§ ASSIGNMENT: Your job is to print, exactly, the lines in the data below from the line with "Hi, this is" through the line with "Let's quickly fix", both included, and to omit any picture.

§ INPUT FOR THIS TASK:
^^^^

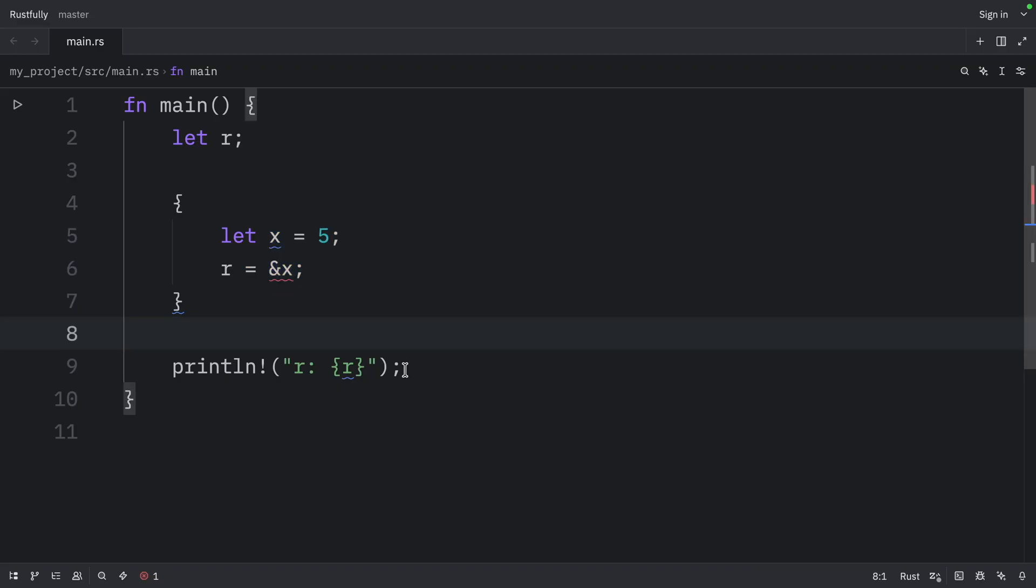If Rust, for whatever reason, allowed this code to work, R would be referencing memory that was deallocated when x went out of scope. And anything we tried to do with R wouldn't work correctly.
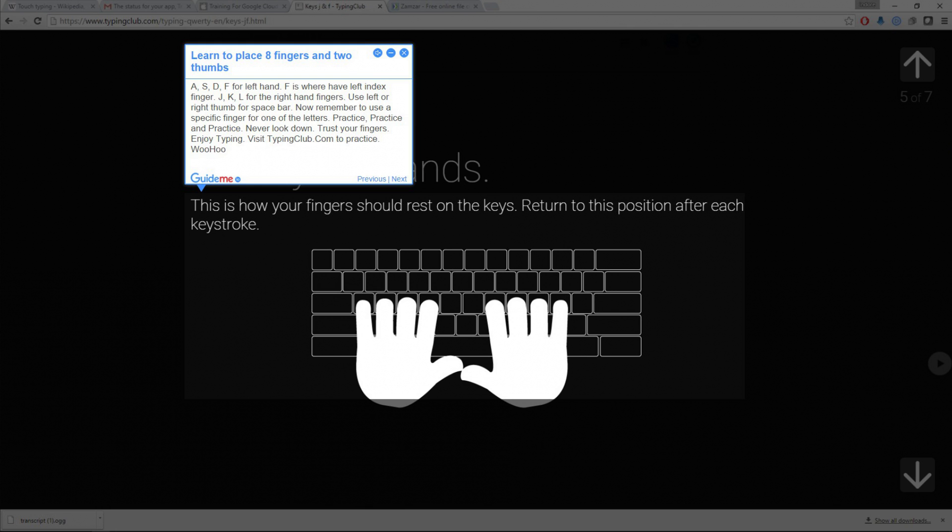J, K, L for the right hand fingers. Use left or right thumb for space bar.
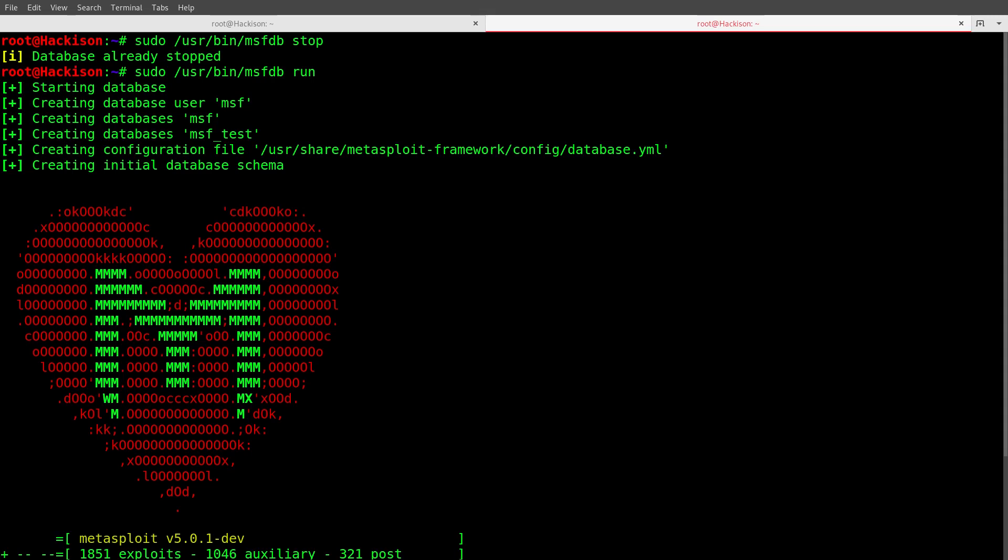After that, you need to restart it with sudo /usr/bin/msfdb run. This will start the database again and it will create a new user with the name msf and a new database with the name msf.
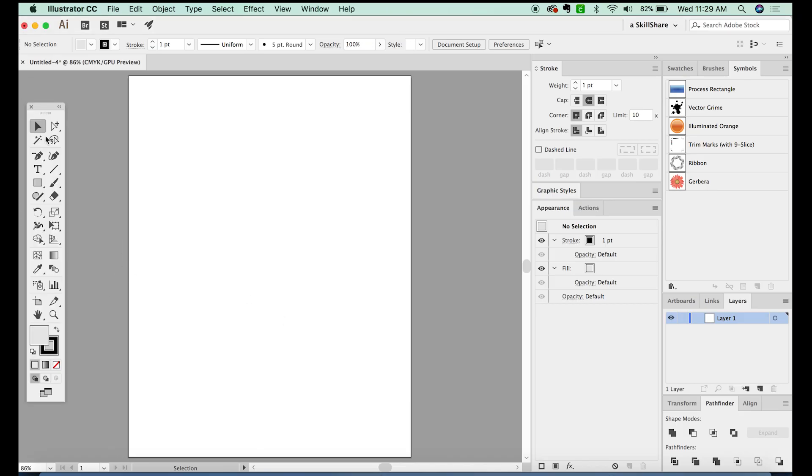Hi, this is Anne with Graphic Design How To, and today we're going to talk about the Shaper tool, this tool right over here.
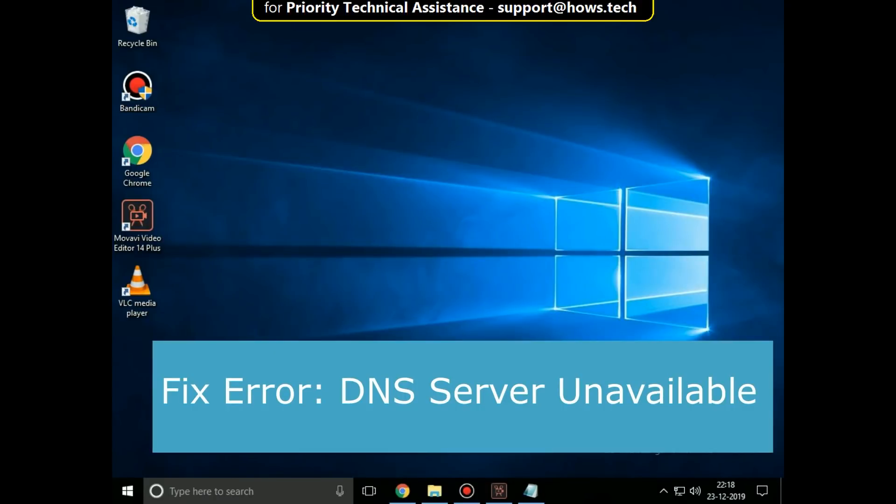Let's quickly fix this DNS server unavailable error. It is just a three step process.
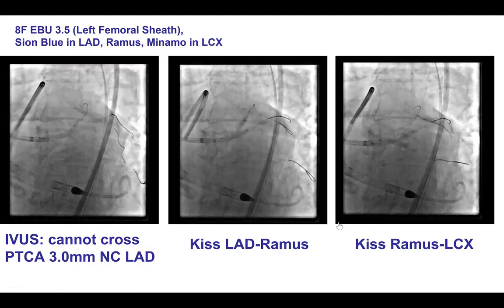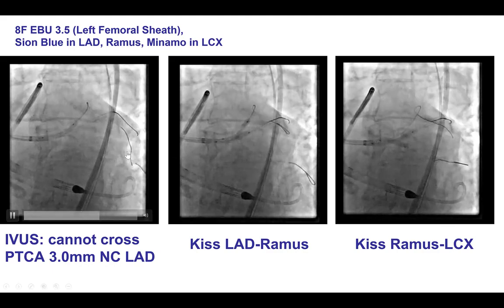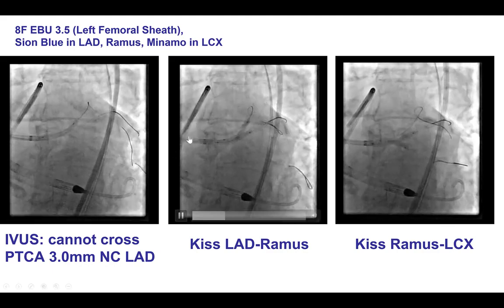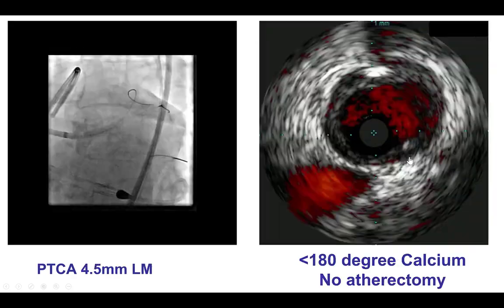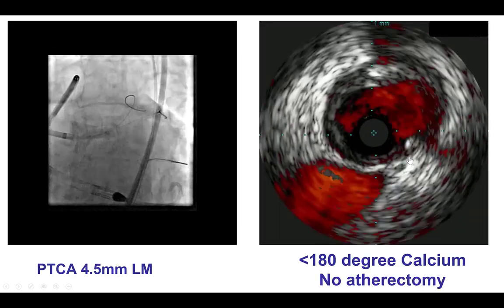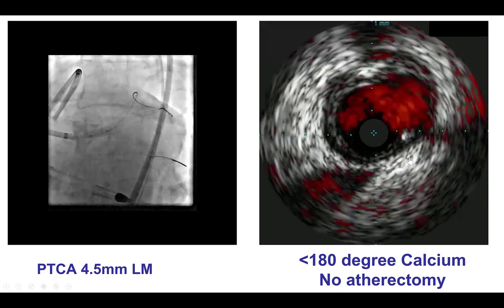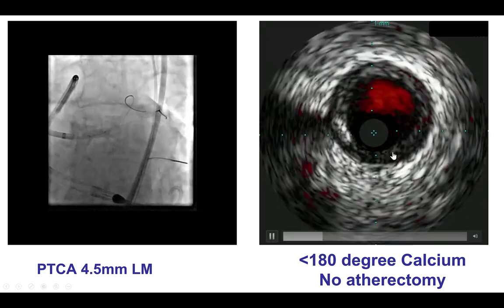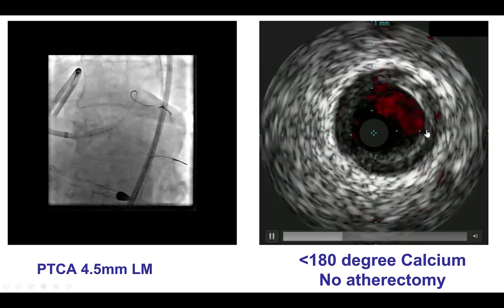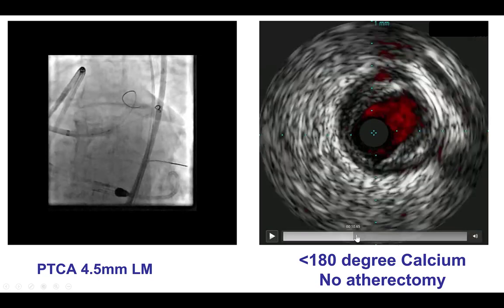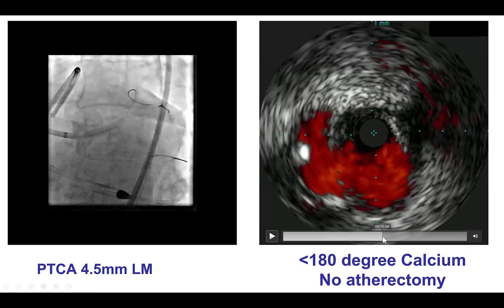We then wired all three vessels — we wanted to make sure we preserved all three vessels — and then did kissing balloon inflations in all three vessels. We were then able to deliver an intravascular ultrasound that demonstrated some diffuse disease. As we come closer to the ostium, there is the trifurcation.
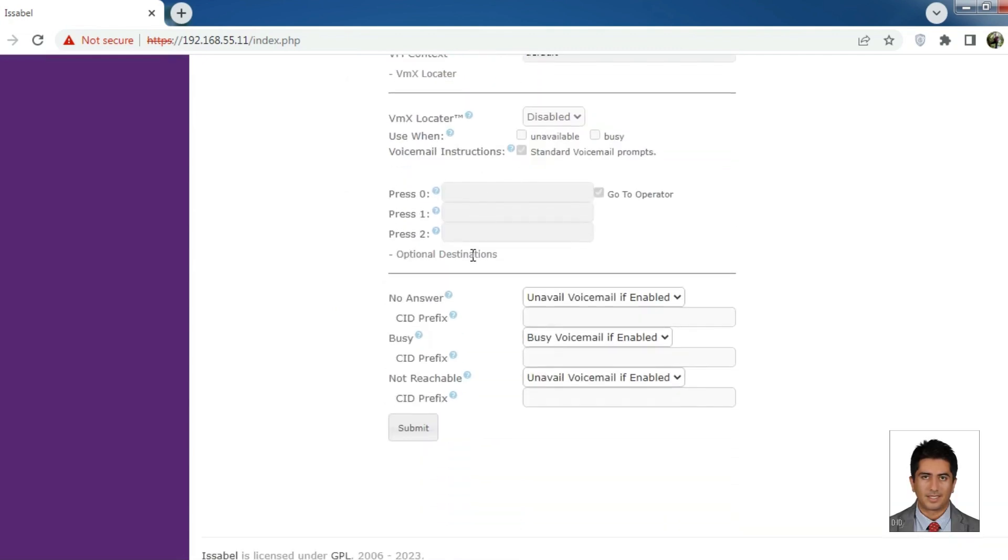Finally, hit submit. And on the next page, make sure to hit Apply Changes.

^^^^

§ RESULT OF THIS EXERCISE:
Hi, this is Anne with Graphic Design How To, and today we're going to talk about the Shaper tool, this tool right over here.
Let's quickly fix this DNS server unavailable error. It is just a three step process.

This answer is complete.